Optimizing elementwise_add for CPU with MKL
Created by: tpatejko
I working on optimizing elementwise_add
operator for CPU. The operator adds two tensors x
and y
element by element, and stores the result in tensor z
. I'm currently focusing on the case when both operands x
and y
are of equal dimensions.
The optimization uses MKL VML's v?Add
operation that performs elementwise addition:
https://software.intel.com/en-us/mkl-developer-reference-c-v-add
When elementwise_add
is performed on GPU and/or x
and y
are of different dimensions the algorithm falls back to the default implementation.
To implement the optimization, I extended an interface of PaddlePaddle BLAS code: https://github.com/PaddlePaddle/Paddle/blob/develop/paddle/fluid/operators/math/blas.h
with two operations: VADD that performs elementwise add operation with VML vAdd
routine, and VCOPY that performs copying of two vectors and uses BLAS level 1 routine cblas_vcopy
. I use VCOPY routine with already available SAXPY routine to implement VADD operation for non-MKL case.
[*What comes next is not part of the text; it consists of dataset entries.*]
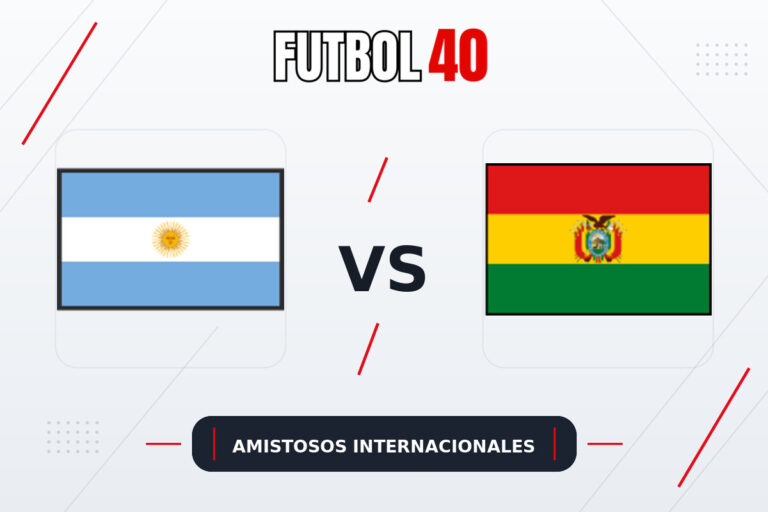 Argentina vs Bolivia en vivo, Amistosos Internacionales 2026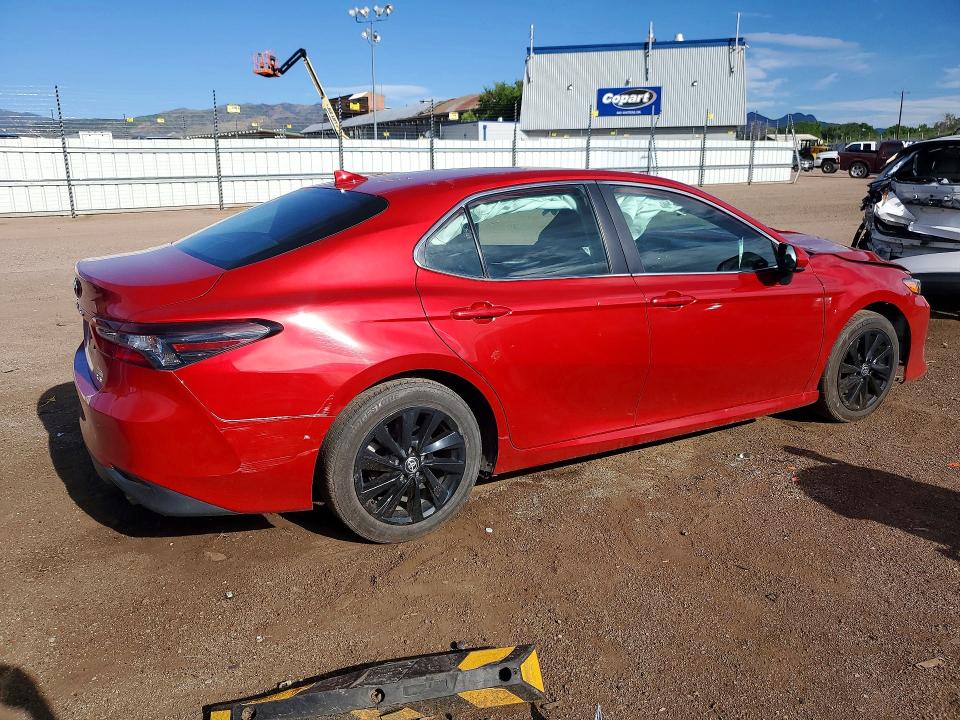 Photo 3 from auction – 2024 TOYOTA CAMRY with VIN 4T1C11AK5RU200924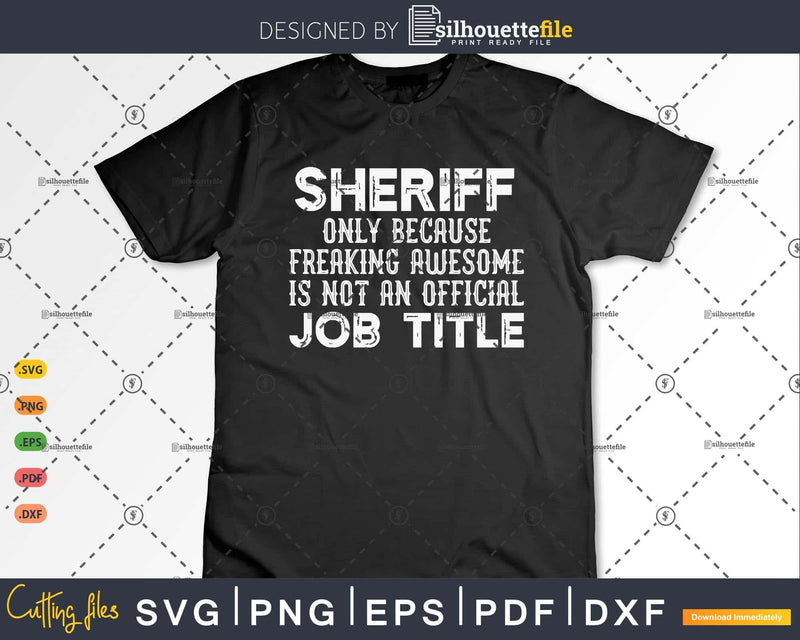 Sheriff Battalion Gift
Is it ok for you to extend the interface of Blas routines in PaddlePaddle for CPU? Currently the algorithm is as follows. What do you think about it?
x = ctx.Input<T>('X')
y = ctx.Input<T>('Y')
z = ctx.Output<T>('Z')
if (ctx.is_cpu_place() and x.dims() == y.dims()) {
flatten(x);
flatten(y);
flatten(z);
if (MKL_is_used()) {
VADD(x->numel(), x, y, z);
} else {
// SAXPY implements y = alpha * x + y
// so first content of y is copied to z
// and x is added to z
VCOPY(y, z);
SAXPY(x->numel(), 1.0 /*alpha*/, x, z)
}
} else {
// fall back to default implentation
}